私が2022年の日本の夏に3年ぶりに訪問したオーストラリアとニュージーランドでは、観光産業の労働力をコロナ禍まで外国人スタッフに依存していたが、2年以上続いたコロナ禍で仕事がなくそれぞれの母国に帰ってしまった。2022年からの急速な需要回復時に合わせ、急に戻ってきてもらうことができず、深刻な労働力不足が生じ、それが1年経った今でも継続している。
 日本の観光産業は元々自国内の労働力に依存しており、かつコロナ禍でも既存人員を比較的維持できているので、労働力不足の構造は異なっている。大手航空会社、旅行会社、ホテル業界の毎年の労働力の補充は、主に国内での新卒採用と中途採用になっていた。コロナ禍において、2020年から2023年までの採用数を大幅に減少させ、既存社員の自然減を容認しながら、それでもなお発生していた過剰労働力に対してさまざまな対策を行い乗り越えてきた。こういう中で2023年に急に需要が回復しても、過去3年分の採用数を一気に獲得することは難しく、その分の労働力不足が発生している。

労働力不足の度合いは、過度に外国人に依存している国と比較すると低いが、その完全解決までには逆に時間がかかるかもしれない。2019年レベルの需要量を受け止めるためには、本来あるべき毎年の補充労働力に加えて、過去3年間に採用しなかった分をプラスして取り戻す必要があり、それは失業率が低い日本の労働市場では短期解決が難しいからだ。

グラフは、観光産業の労働力不足の原因と今後のイメージを、私の感触で表現している。2020年の時点ではコロナ禍がこれほど長く続くということは予想していなかったのであるが、3年間の労働力補充を減らしたツケは大きく、それは2024年から2025年にかけて採用数を平時以上に推移させることで徐々に平常化していくと予想する。

オーストラリアでは、労働力確保のために在留許可の基準を下げて海外からの労働力調達に積極的な政策を打ち出している。日本国内で、海外の人材が正式な在留資格を得て仕事をするには、相当程度の知識又は経験が必要な業務に従事することが条件となっているが、現在の労働力不足の早期の解消、そして国が目標とする観光産業の成長のためには、この分野での規制緩和は効果的である。

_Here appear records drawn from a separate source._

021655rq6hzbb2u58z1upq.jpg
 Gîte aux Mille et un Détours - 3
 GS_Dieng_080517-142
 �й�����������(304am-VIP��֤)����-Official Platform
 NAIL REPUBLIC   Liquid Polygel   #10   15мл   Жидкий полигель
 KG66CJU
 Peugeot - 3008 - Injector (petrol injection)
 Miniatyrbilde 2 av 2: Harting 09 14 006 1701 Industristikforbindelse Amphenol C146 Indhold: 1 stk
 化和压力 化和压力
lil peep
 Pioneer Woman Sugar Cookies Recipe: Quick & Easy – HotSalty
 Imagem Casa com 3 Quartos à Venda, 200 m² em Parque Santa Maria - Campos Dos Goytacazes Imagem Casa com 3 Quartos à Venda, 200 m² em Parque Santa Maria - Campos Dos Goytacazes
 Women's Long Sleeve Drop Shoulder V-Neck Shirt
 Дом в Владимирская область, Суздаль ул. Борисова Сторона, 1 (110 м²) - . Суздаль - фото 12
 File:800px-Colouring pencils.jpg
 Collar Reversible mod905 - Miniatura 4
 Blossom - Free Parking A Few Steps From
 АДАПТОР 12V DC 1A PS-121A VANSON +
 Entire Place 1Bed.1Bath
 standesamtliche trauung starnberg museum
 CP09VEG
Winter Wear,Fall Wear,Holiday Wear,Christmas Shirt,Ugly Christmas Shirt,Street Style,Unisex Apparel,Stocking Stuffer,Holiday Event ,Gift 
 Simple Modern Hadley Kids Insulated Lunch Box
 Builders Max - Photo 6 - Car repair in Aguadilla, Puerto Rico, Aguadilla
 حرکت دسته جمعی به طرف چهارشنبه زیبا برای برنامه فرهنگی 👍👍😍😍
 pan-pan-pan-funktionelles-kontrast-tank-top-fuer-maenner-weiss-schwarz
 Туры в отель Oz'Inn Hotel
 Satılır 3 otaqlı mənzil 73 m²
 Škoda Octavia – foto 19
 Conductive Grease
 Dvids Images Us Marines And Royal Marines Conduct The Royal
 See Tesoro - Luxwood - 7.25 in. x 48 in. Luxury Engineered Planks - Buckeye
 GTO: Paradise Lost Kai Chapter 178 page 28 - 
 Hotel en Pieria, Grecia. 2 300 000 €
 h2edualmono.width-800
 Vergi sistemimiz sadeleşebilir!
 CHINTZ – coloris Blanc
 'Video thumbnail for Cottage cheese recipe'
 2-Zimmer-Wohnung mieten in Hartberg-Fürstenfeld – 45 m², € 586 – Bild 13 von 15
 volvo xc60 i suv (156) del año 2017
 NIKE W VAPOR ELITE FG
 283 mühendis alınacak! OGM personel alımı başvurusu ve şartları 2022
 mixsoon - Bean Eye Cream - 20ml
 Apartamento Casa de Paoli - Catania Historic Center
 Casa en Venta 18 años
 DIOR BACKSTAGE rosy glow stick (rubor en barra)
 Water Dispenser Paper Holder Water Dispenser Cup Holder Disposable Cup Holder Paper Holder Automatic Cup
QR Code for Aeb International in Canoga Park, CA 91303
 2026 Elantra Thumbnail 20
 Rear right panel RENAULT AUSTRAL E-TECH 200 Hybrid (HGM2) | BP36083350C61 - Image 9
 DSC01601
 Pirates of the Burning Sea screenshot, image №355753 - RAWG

星野リゾートでも労働力不足は発生している。しかし、その構造は国内マクロ現象の影響を受けながらも少し異なる原因によるものである。星野リゾートの場合には、コロナ禍における業績が極端には落ち込まず、マイクロツーリズムの取り組みの成果もあり、コロナ禍でも採用人員を減らすことはしなかった。2020年から2023年までの採用活動は、新規開業を予定していたこともあり、通常通りに積極的に行った。旅行産業全体が採用を絞っていたこともあり、平時よりもむしろ好調に推移し、優秀な人材に入社していただくことができたと考えている。しかし、2022年末から、旅行産業全体が急速に採用活動を再開したことにより、星野リゾートからの転職者が予想以上に増加し、2023年初頭から労働力不足が発生し始めている。
 星野リゾートでは退職者に対して、組織改善に結びつける目的でアンケート調査への回答をお願いしており、90%以上の回答率を得ている。この半年の退職理由の分析から、平時以上に、そして予想を超えて転職者が増加している理由は、以下の2つの理由により一時的に転職圧力が生じていることが原因であると考えている。

① 2023年の新卒採用数は2022年春の段階での各企業の採用方針に左右される。ところが、2022年10月にインバウンド実質解禁になったタイミングから短期的に労働力を回復させようとすると中途採用に依存せざるを得ず、それが他社からの星野リゾートスタッフへの大きな転職圧力となっている。

② 2020年から2023年の新卒採用者の一部は、旅行産業の中でも航空会社や旅行会社を希望業種としていたが、これらの業種で採用枠が殆どなかったので宿泊事業に入社してきたスタッフが少なからずおり、これらの業種が中途採用活動を活発化させていることが転職圧力になっている。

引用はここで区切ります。